The authors approach their conclusion with a position that calls for quoting at length:
In the end, the ethics of care probably requires engineering students to be educated in the politics of technology and society — something that the relatively apolitical engineering tradition might find hard to swallow. This is not about indoctrinating students into any particular political view. We find aspects of the Maintainers both in certain forms of conservatism, which argue that we have a moral duty to care for what we have inherited from our ancestors, and in certain forms of progressivism, which assert that healthy capitalism requires active intervention particularly around issues such as pollution, safety, and the well-being of public works. Care requires holistic, or systems, thinking that goes far beyond the individualist fantasies of innovation-speak with its pantheon of great white men: Gates, Jobs, Bezos, Zuckerberg, Thiel, Musk. It requires us to realize that we are dependent on each other and on the technological systems and infrastructures that many, including those who have come before us, have erected; these systems and infrastructures now require our attention and safekeeping, even when such work bores our pants off and pales in the light of nifty, new, glittering gadgets.
In conclusion:
From the outside looking in, the essay appears to be essential reading for engineering academics.

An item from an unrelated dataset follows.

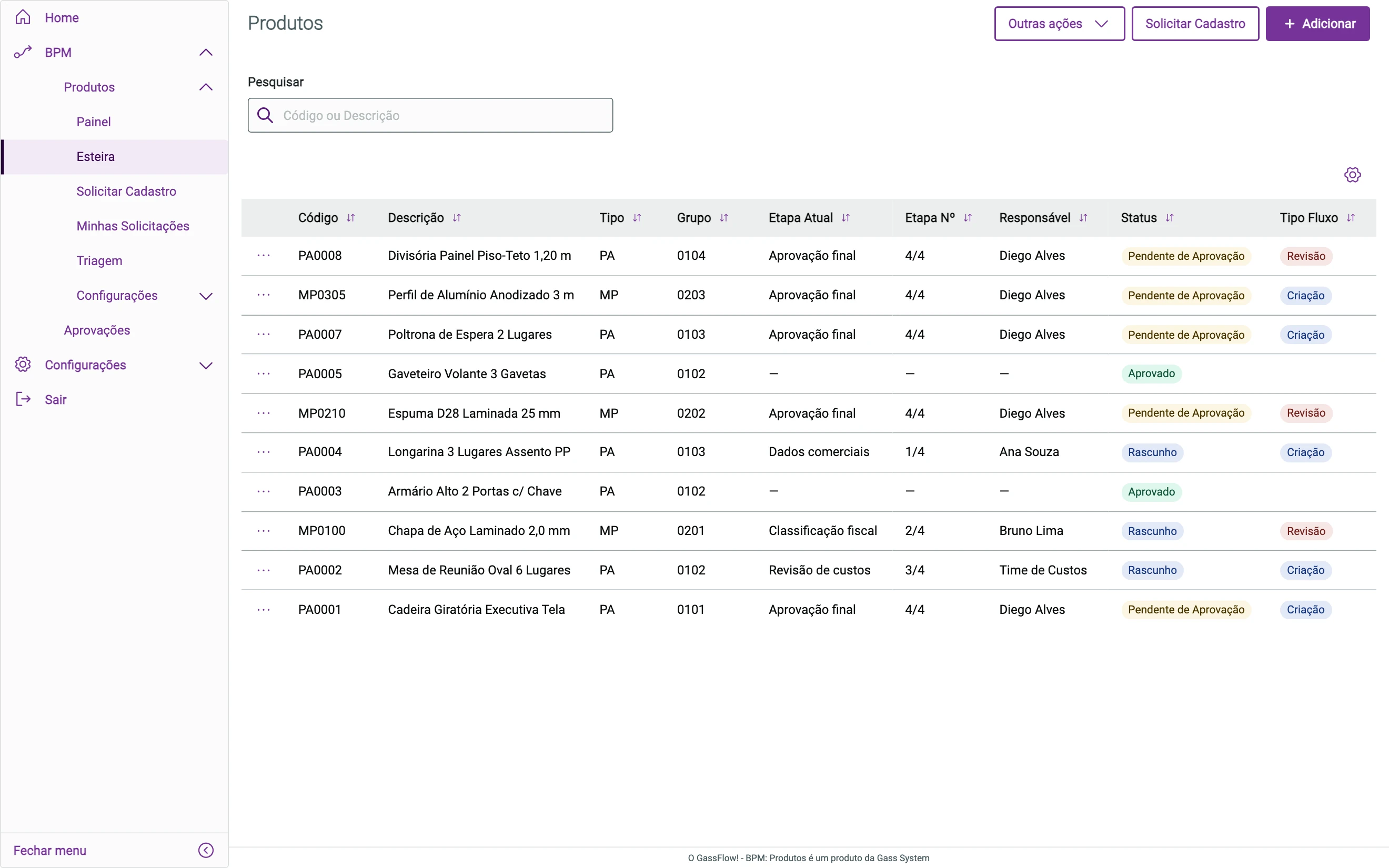 Lista de produtos com colunas de etapa atual, etapa nº, responsável, status e tipo fluxo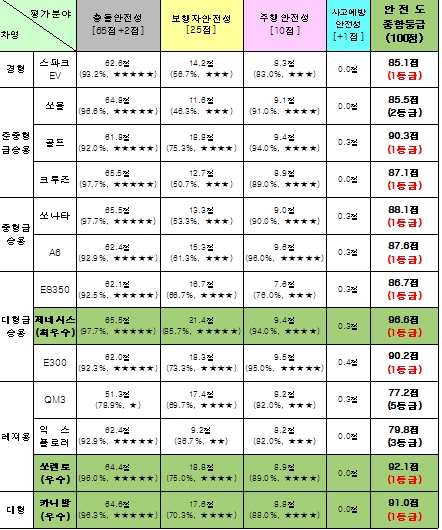 /제공=국토교통부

And, important for this layperson — Through the specificity and accessibility of their analysis, and through their grounding proposed solutions in a set of values distinct from current norms, the essay is effectively a case study in applying those alternative values to life in any dimension. It offers a model for identifying and calling out destructive norms, legitimizing an alternative set of values and goals, and centering a holistic vision of the common good as the goal and measure of how we approach and structure our lives.
The nation faces a vital moral imperative to make maintainers.
The clarity of their clarion call communicates the urgency for all of us to live into that vision, engineer or not.
"Make Maintainers: Engineering Education and an Ethics of Care", by Andrew L. Russell and Lee Vinsel, is a chapter in Does America Need More Innovators?, MIT Press 2019.